The E10 takes all the faff out of preparing the shot. Mine s barely run in but I am starting to find now that the mound is as accurate and fluffy as the talented Mythos used to be. Steer clear of a K10 unless it is dosered.

I had a K10 Pro Barista which I liked, but ultimately it was not a keeper because I like the simplicity of an on demand and am not prepared to fanny around with doser and thwacking etc etc.

Dave and I have a simple rule of thumb. If you have a lever, you need a conical. If you have a pump, a flat burr will do. Now, I am not saying a pump machine should not be used with a conical, but I am sating a conical works better with a lever.


----------



## Mrboots2u (May 10, 2013)

Hmm where does a hybrid grinder fit into this ........


----------



## CamV6 (Feb 7, 2012)

David would it be an accurate assessment that what your are saying is that you get the best out of a conic with a lever machine but you'd still see great results using a conic paired with a pump machine?


----------



## 4085 (Nov 23, 2012)

CamV6 said:


> David would it be an accurate assessment that what your are saying is that you get the best out of a conic with a lever machine but you'd still see great results using a conic paired with a pump machine?

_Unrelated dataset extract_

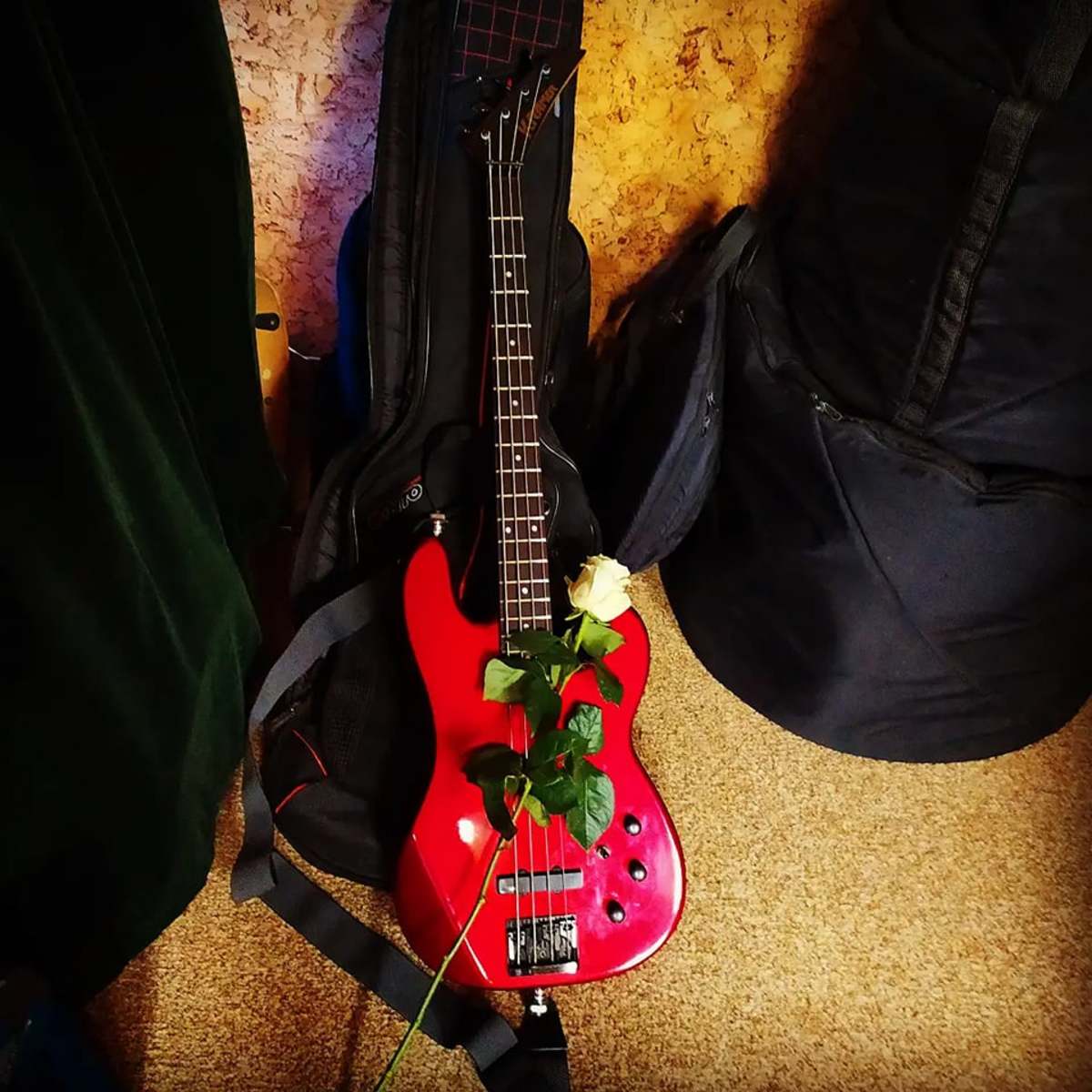 Music Gear Setup by robertfrederickk featuring Kramer 710 Bass Guitar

I think that sums it up eloquently!


----------



## The Systemic Kid (Nov 23, 2012)

Don't want to throw a spanner in this conical love fest but doesn't degree of roast play a part?


----------



## CamV6 (Feb 7, 2012)

Yes of course. A conic won't turn bad beans into good or water into wine but that's not the point being made by this thread. However the beans are roasted if you put them through a flat burr and then through a conic you'll get differing results in the cup and I am saying i'm loving the results the conic gives which in my opinion (for indeed that's all it is) are more to my liking to the point of being a revelation with the conic. Ones out way on top for my tastes based on my efforts with lighter medium and darker roasts with my major and then with my k10. I'm not demanding I'm right or writing off flat burr grinders I'm just posting up my experience


----------



## 7493 (May 29, 2014)

I'm currently comparing a Eureka E65 and a Pharos. With the same beans the Pharos has it hands down! Lovely fluffy grinds with no clumping and better in the cup. The Eureka is clumpy and much harder to adjust. However, the Eureka is a LOT less hassle. There is a real gap in the market for an affordable powered conical with little or no retention.


----------



## CamV6 (Feb 7, 2012)

Isn't the Pharos a bit of a PITA inherently? The HG1 I had a go on at the grind off was a doddle really. If I could get one motorised with a high power low RPM I'd definitely go for one


----------



## DoubleShot (Apr 23, 2014)

CamV6 said:


> The HG1 I had a go on at the grind off was a doddle really. If I could get one motorised with a high power low RPM I'd definitely go for one


Future project for Kickstarter?


----------



## CamV6 (Feb 7, 2012)

There's a chap on the Londinium forum who has done it


----------



## jeebsy (May 5, 2013)

CamV6 said:


> There's a chap on the Londinium forum who has done it


And a thread on HB about it


----------



## CamV6 (Feb 7, 2012)

Really? Any chance of a link for lazy folk like me please?


----------



## jeebsy (May 5, 2013)

http://www.home-barista.com/grinders/motorizing-hg-one-t26650.html


----------



## grumpydaddy (Oct 20, 2014)

I feel I may know the direction I am heading in for my next grinder now.


----------



## 4085 (Nov 23, 2012)

Why the hell would any numpty want to motorise an HG One? It is a hand grinder....


----------



## The Systemic Kid (Nov 23, 2012)

Precisely.


----------



## grumpydaddy (Oct 20, 2014)

Everest, K2.

...and because they want to see if their idea is as good as HG two if it happens

besides..... Numpties rule!!


----------



## Mrboots2u (May 10, 2013)

dfk41 said:


> Why the hell would any numpty want to motorise an HG One? It is a hand grinder....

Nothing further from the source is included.